= Beginning of Section =

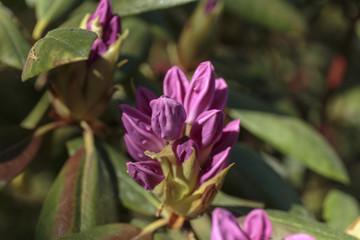 Ultra violet nerium, purple oleander, blooming mauve oleander 2018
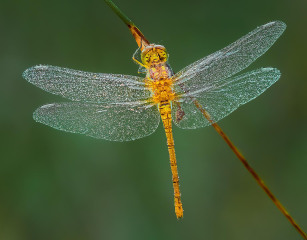 1st Place: Ian Tulloch, Common Darter Roosting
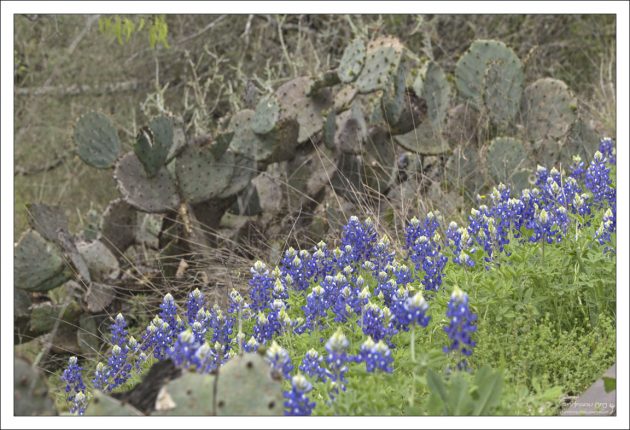 Типичная картинка для весеннего Техаса: люпины и кактусы.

= End of Section =

**The task**: Would you restate, word for word, the lines from the one holding "1st Place: Ian" through the end of the material above? Omit the pictures.

**Answer section**:
 1st Place: Ian Tulloch, Common Darter Roosting
 Типичная картинка для весеннего Техаса: люпины и кактусы.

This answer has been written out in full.